Nine's ratings success and improved share price are the main reasons for a pay rise for its CEO Hugh Marks, who took home $2.8 million in 2016/17.
Nine Entertainment has rewarded ratings over revenue, with chief executive Hugh Marks awarded 70 per cent of his cash bonuses despite the broadcaster making a $203 million annual loss.
Mr Marks took home $2.77 million in the year to June 30, including a salary of $1.38 million, cash bonuses of $895,000, and shares worth almost $450,000.
He was paid $1.14 million in the previous financial year, in which he was CEO for eight months.
Nine's revenue dropped three per cent in 2016/17, and writedowns on assets including its TV network contributed to its loss for the year, while earnings rose two per cent.
Media analyst and Fusion Strategy managing director Steve Allen said Nine's executive team had their bonuses aligned with the company's market share, ratings and share price performance.
Nine shares rose 31 per cent in the 2016/17 financial year.
"In a shrinking media market, ratings and revenue share would feature strongly - and in those (Mr Marks) is delivering," Mr Allen said.
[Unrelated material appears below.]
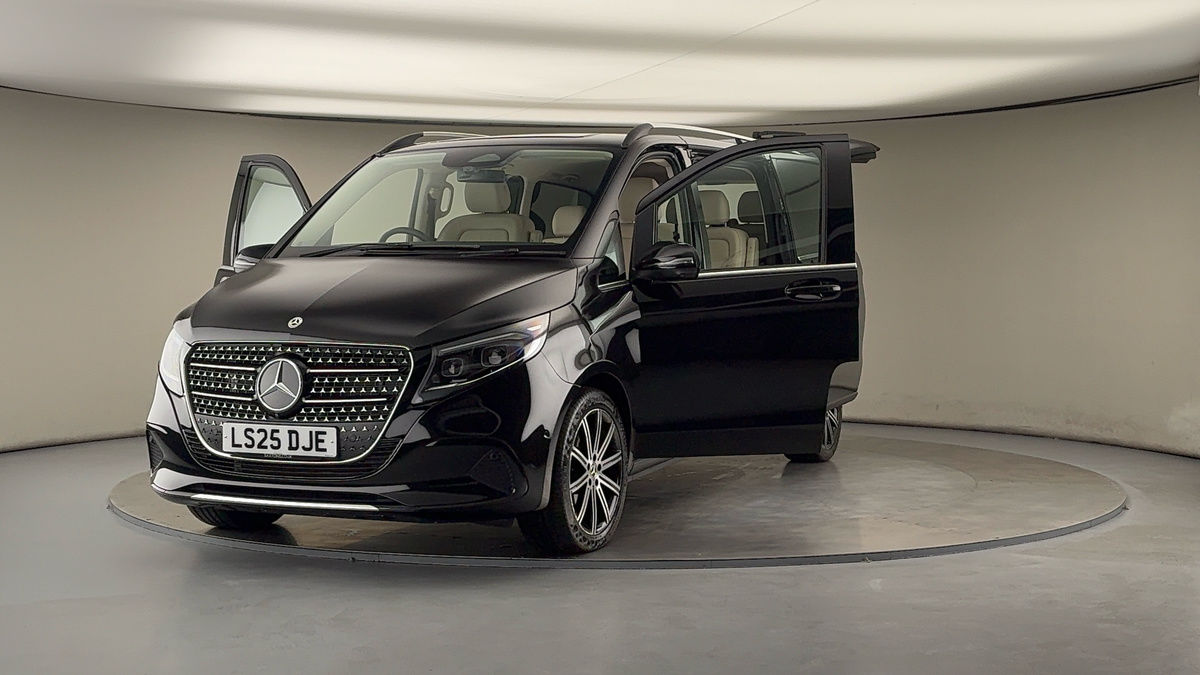 Used Mercedes-Benz V-Class 2025 for sale - 76280813: Photo 51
Bonuses for Mr Marks were also related to his performance in improving supplementary revenue streams and content production.
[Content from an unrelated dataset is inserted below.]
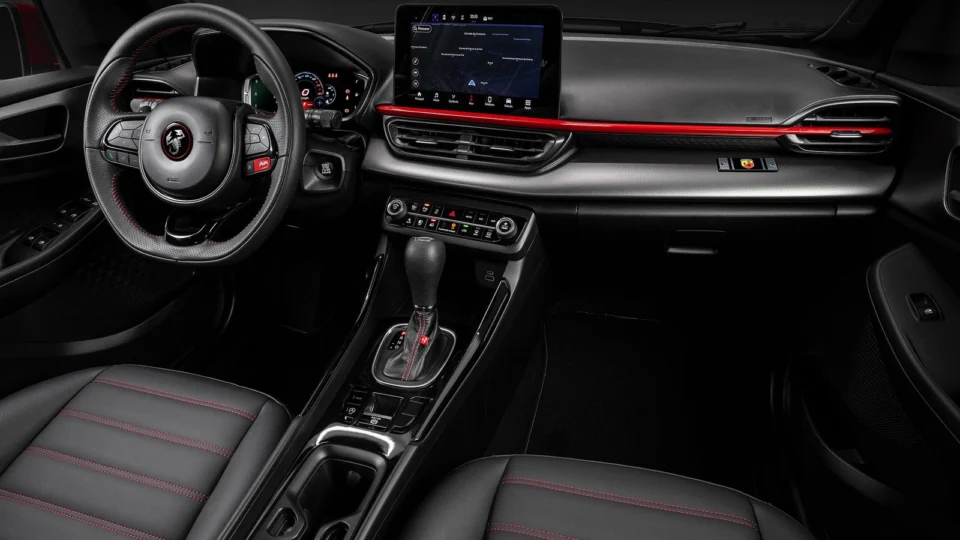 Próximo a ser lançado, Fiat revela o interior do Pulse Abarth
Nine's leadership in the key 25-54 age demographic has been enhanced by the success of productions like True Story with Hamish and Andy, and helped build its 9Now catch up service, which boasts 4.3 million registered users.
Subscribers for Nine's on demand joint-venture, Stan, have also grown by 50 per cent.
Despite Nine's market leading position, Mr Allen suggested its robust remuneration packages would eventually attract investor scrutiny.
"Nine's board and executives seem to be doing a good deal better than shareholders and sooner or later they will be held to account," Mr Allen said.